Questions and suggestions (6)

  1. anonymous 4 weeks ago

    Require assistant and associate conductors to research and study these composers and their works as part of their duties with the ultimate purpose of preparing these for a concert, even if it’s a civic/youth ensemble. Longer term, these could be a focus of a season-long series, with the assistant or associate serving as the curator. In an individual concert they could be grouped with known compositions of the same era, or with a similar history (e.g. also commissioned by Koussevitzky or the Louisville Orchestra) or composition teachers (e.g. Boulanger and her pupils), or underlying program (e.g. Mississippi River-themed works) or style (e.g. concertos for orchestra), etc. Honestly, if that’s the only thing they conduct that week, while the MD directs the rest of the program that’s great. It would give them more stage time. And devote a sizable chunk of the pre-concert lecture to this as well. If the composer has a library of chamber works, encourage musicians (or civic/youth ensemble members) to perform those at a pre- or post-concert mixer. This could also be extended to research the works of minority and female composers or American composers as well. Or other new works besides premieres and co-commissions.

  2. Ian G. Sadler 3 weeks ago

    A suggestion re: EJ Moeran would be to contact the local Irish Embassy or Consulate to see if they might be interested to collaborate somehow in a promotional way.

  3. Jason lowe 3 weeks ago

    YouTube had to take down a channel that I loved: Unsung Masterworks. There I discovered the unique voice of Arnold Bax, Wilhelm Stenhammar, Nikolai Myaskovskt and others.
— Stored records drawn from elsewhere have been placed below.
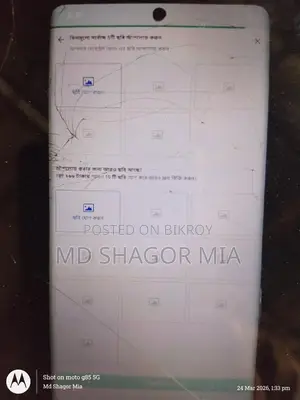 Motorola Moto G85 256 GB Blue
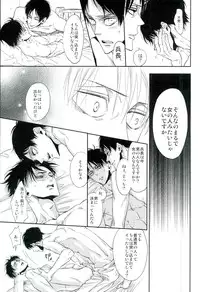 (Dai 7 Kai Hekigai Chousa Haku) [BHB (buttuke)] 兵長のおっぱいから母乳が出るところが見たい! (Shingeki no Kyojin)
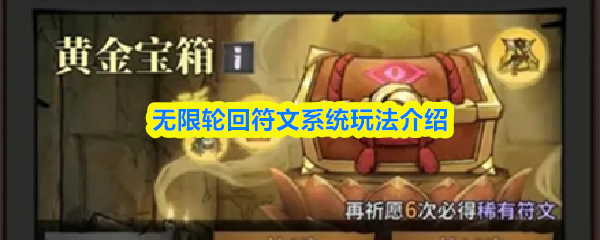 无限轮回符文体系玩法详解
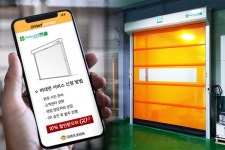 형제열쇠샷다공사스피드자동문금속 | 고속자동문도 '언택트' 10% 할인 혜택 선보이는 스피드도어 전문 코마츠코리아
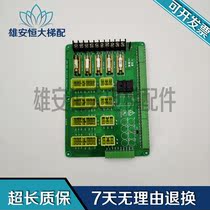  Elevator accessories Elevator interface board LMMG HCER HC-CJ2 5 Spot sale HC14070701 Warranty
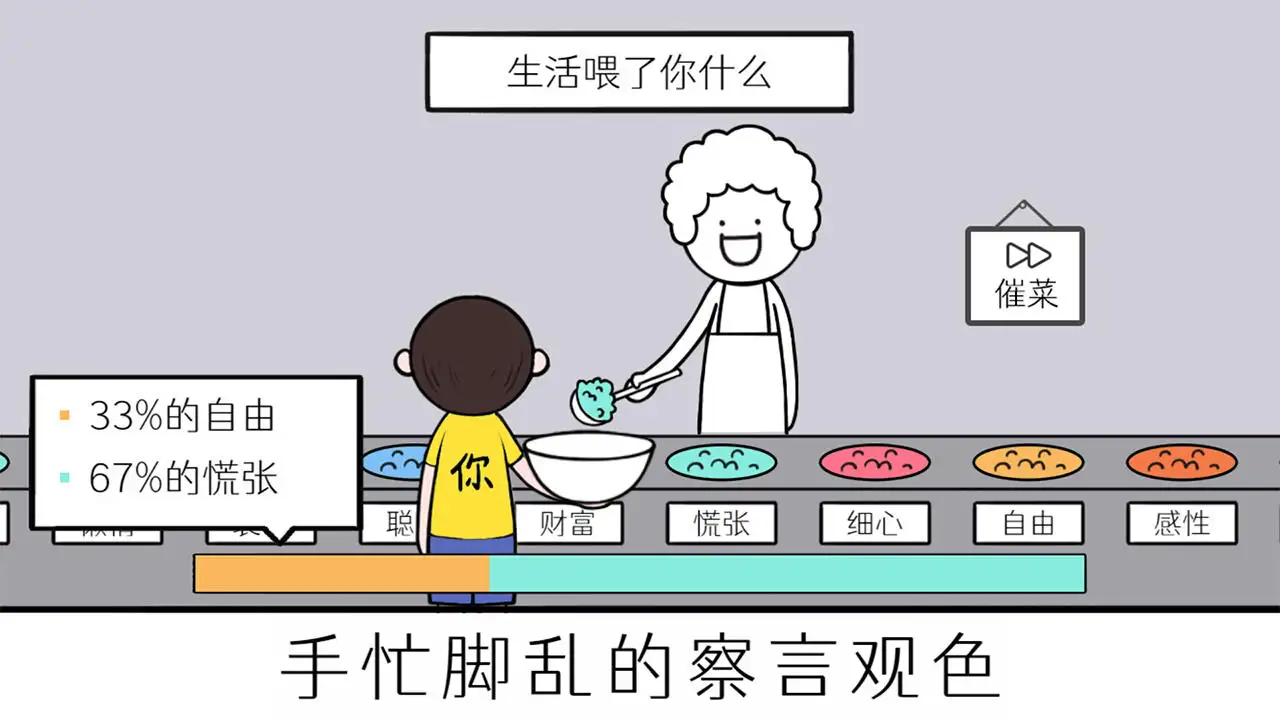 图片[3]-情商天花板（免广告获取奖励）-87软件库｜绿色软件+破解游戏下载站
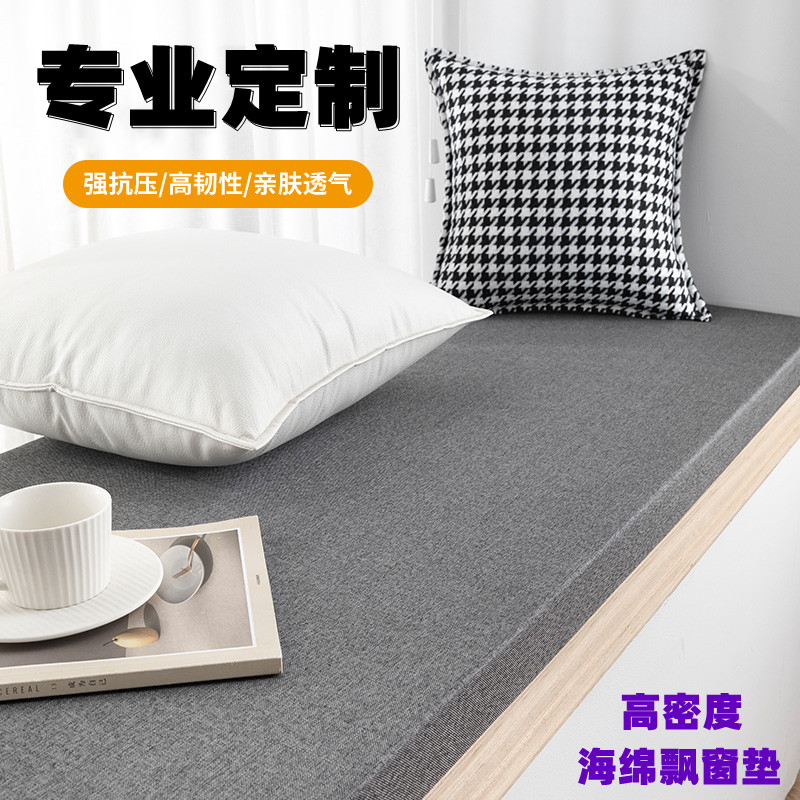海绵飘窗b垫窗台垫定制四季通用阳台垫子毯榻榻米卧室网红简约现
I wish this channel still existed but I enjoy finding these wonderful unheard, unprogrammed composers as much as I enjoy Sibelius, Nielsen, Vaughan Williams and Holst.

  4. Rich Cain 3 weeks ago

    Holst choral works, definitely Bax, and may I suggest Deems Taylor.

  5. John R. Hunt Jr. 3 weeks ago

    This is a real toss up between two composers…Igor Stravinsky is not played enough – the Kyrie from his Mass is outstanding – and Charles Ives is overlooked too much. Anyone who wants to hear the sweetest Christmas carol would do well to listen to Ives’s “A Christmas Carol.”

  6. Gerard Bauer 3 weeks ago

    As a long time collector of recorded music in almost every format imaginable, I have come across many worthwhile musical works by little known composers, as well as little known works by well known composers. (Could this be another chapter?) I’ll limit myself in this forum to three composers whose works I’d love to hear in live performance. I discovered all three in the 1970’s via LP recordings on loan from the Chicago Public Library. Despite the fragility of vinyl, the recordings of these composers were often in good shape, probably because of the relative obscurity of the composers. All three composers have unique and almost instantly identifiable sound worlds.
    1. Andrzej Panufnik. I first came to know this late 20th century composer via pioneering recordings on the Unicorn label. I am particularly fond of a couple of his early symphonies: Sinfonia Sacra and Sinfonia Rustica.
    2. Arnold Bax. Although I have very little formal music education, I think it’s Bax’s harmonic language that makes his music unique. Some of his work is overlong and blowsy, but there are treasures as well: Symphonies Nos. 1 & 6, as well as some of the tone poems such as Tintagel, The Tale the Pine Trees Knew, November Woods, and the Garden of Fand.
    3. Allan Pettersson. A 20th Century Swedish composer with an incredibly difficult life, who’s personal suffering is embedded in much of his work. His music can be grim, which makes it difficult to program in concert, but there are also moments of calm, relief and, finally, redemption. I have always particularly loved his Symphony No. 7, which I first heard in a recording by Antal Dorati conducting the Stockholm Philharmonic.